Glossary 1

General Construction

Cast – As in ‘We cast the concrete’. The process of pouring and distributing the wet concrete into its final place.

Chair -A small, concrete disc with wires set inside. Used to keep the steel rebar within the concrete being poured, so that no metal is exposed to air or water.

Rebar – Metal rods and frames, worked into cages and meshes. Used to strengthen concrete. (As in Re-enforced concrete).

RC – Re-enforced Concrete or, concrete with a steel rod or mesh inside it for added strength.

AAC block – Autoclaved Aerated Concrete block. Lightweight, foamed concrete block, lighter than traditional concrete block and consisting of sand, lime, cement, water gypsum and aluminium powder. Once formed, the block is ‘cured’ under heat and pressure in an autoclave.

Span – The distance between two sides of a room, measured between the RC beams, plus 1 beam width.

Plank – A re-enforced concrete slab, used to form floors on the RC frame of the house. The plank is of known thickness and reinforcement, based on load bearing and span.

Footing – The first part of the house – the piles, spot piles, plinth beam. Basically, the foundations of the house, from which the house itself will be built on. In the West, footings could be a trench filled with concrete, then a brick base course and Damp proof course membrane on which the slab is cast and the house is built up from.

Makro – No, not the discount store (though that is available in Thailand) but rather any mini-digger.

Soakaway – The part of the water system, both black and grey water, at the end. The final effluent pours into this and is distributed into the surrounding soils and neutralised via microbe action. The water literally ‘soaks away’ into the soil.

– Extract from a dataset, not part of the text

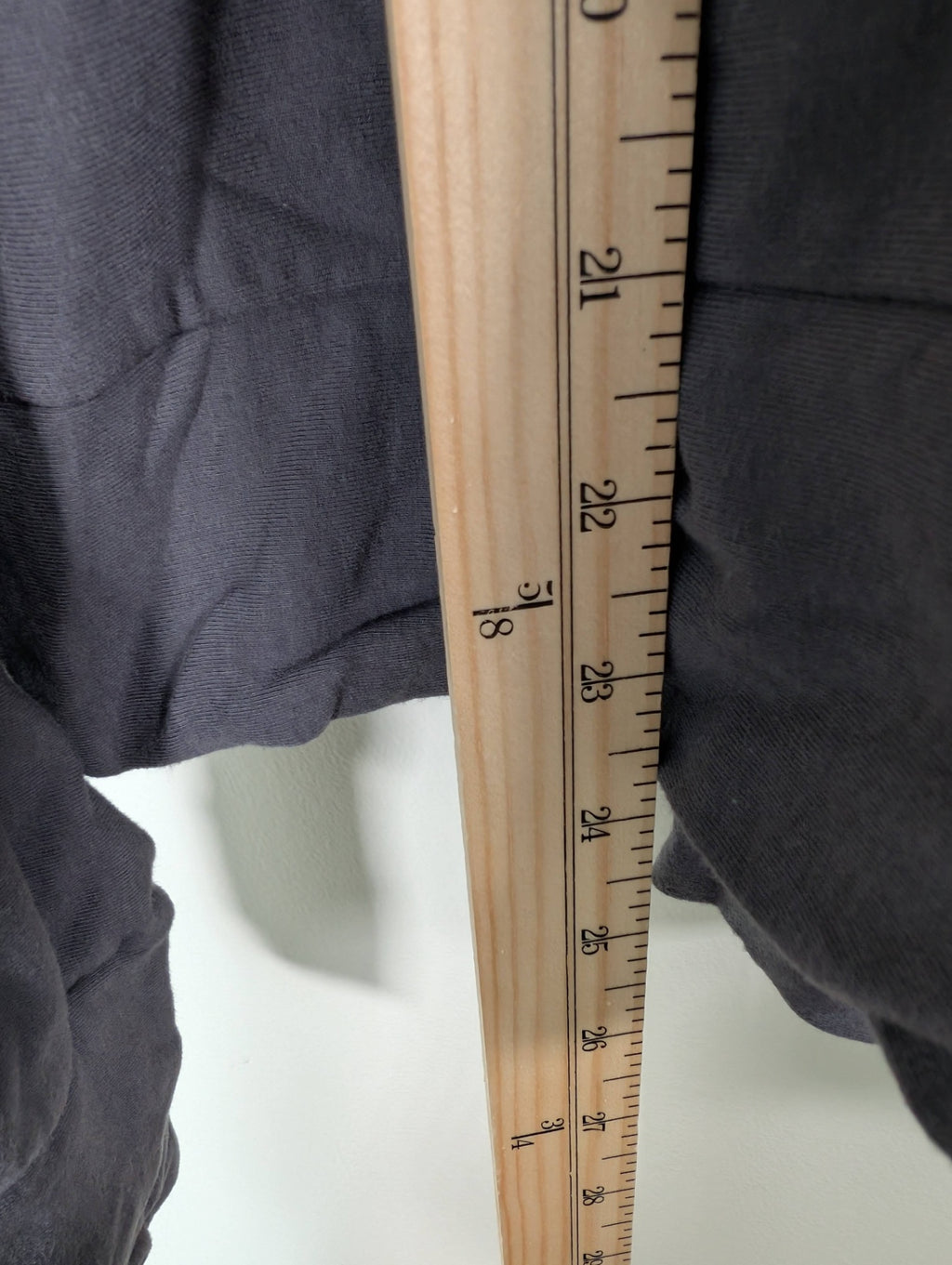 DAUB hoodie - appears Medium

Shuttering – The solid temporary wall around columns, beams or slabs they set the size of those slabs and columns. The shuttering is fixed into place and then the poured concrete is bounded and cannot spread out or run away. Once the concrete has gone off, the shutters will be removed and reused elsewhere.

‘Gone off’ – Refers to the chemical process of the hardening of concrete, the pour is said to have gone off when it has hardened into a solid structure, before it achieves its final hardness.